The dynamic equilibrium is now between the rate at which the power supply puts energy into the system and the wire takes energy out by heating the environment. The power supply adjusts the current it supplies (and thus how many electron-ion interactions there are each second) until the power in per ampere for the supply matches the power out per ampere for the wire - there is only one value of current where this can happen.
Zooming in to the electron level, there is an energy transfer rate from electrons to lattice that depends on:
the number of interactions each electron has with the lattice per second (and hence the current)
the composition and vibration of the ionic lattice, which in some complex way determines how easily the lattice allows electrons to transfer energy to it without giving it all back (which is why different metals have different resistances (strictly resistivities)).
The energy of the interactions doesn’t depend on the drift speed of the electrons along the wire, because this is typically only about a hundred thousandth of the random thermal speed. It’s the increase in the number of interactions per second due to the increase in local electron drift speed that’s important, not the increase in the energy of those interactions.
The mechanism whereby batteries keep their voltage constant but change the current and hence the power they provide so that this exactly matches the current, potential difference and power associated with the resistance is quite subtle, but gives a deep insight into circuits that’s worth engaging with.
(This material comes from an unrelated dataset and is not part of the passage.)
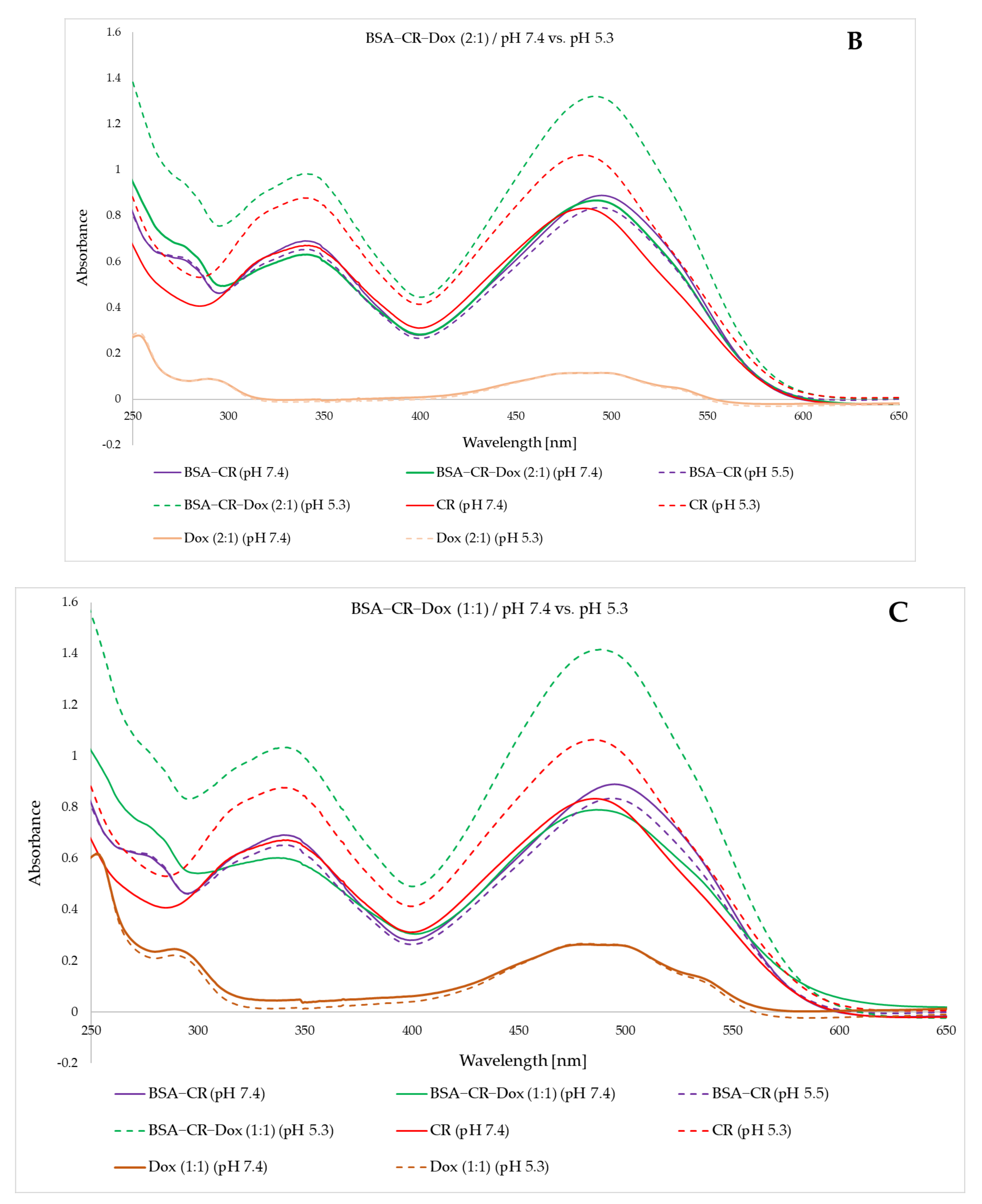 Ijms 23 05033 g011b 550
You can use this idea of electron-ion interactions to explain why there’s more heating where the wire is thinner. The electrons have to move faster through the thin wire to keep the current the same everywhere, so there are more interactions per second with the lattice - the more interactions per second, the quicker energy is shifted from electrons to lattice.
Implications for teaching about resistance
So what should we teach if we want to get closer to a story that’s consistent with how circuits actually behave?
This is the story I’d tell if I was using a conventional approach - from the resistor’s perspective
When we connect different components to the same battery then an ammeter will show that some components cause a small current to flow and some a bigger current.
So some components slow the current down everywhere in the circuit more than others.
We say that this is a bit like the components having a resistance to the flow of current. The bigger the resistance, the smaller the current.
Components don’t really ‘resist’ the flow of current in a way that we’re familiar with, but it’s useful if we imagine that they do as a way to explain why the current is smaller.
In a simple circuit, the place where energy gets shifted is in the resistance. But if you increase the resistance the current gets smaller and so energy is shifted slower. So high resistance bulbs are dimmer than low resistance bulbs if you connect them to the same power supply.
This is the story I’d experiment with - from the battery’s perspective
When we connect different components to the same battery, a voltmeter will show that the battery voltage doesn’t change.
If we measure the current in the circuit, we can see that the current does change.
The battery responds to the presence of different components by changing the current it provides.
If the battery feels that the component provides a bigger resistance to the flow of current then the battery responds by providing a smaller current. The bigger the resistance the battery feels, the smaller the current it provides, and the less hard it works.
In a simple circuit, the place where energy gets shifted is in the resistance. But if you increase the resistance the current gets smaller and so energy is shifted slower. So high resistance bulbs are dimmer than low resistance bulbs if you connect them to the same power supply.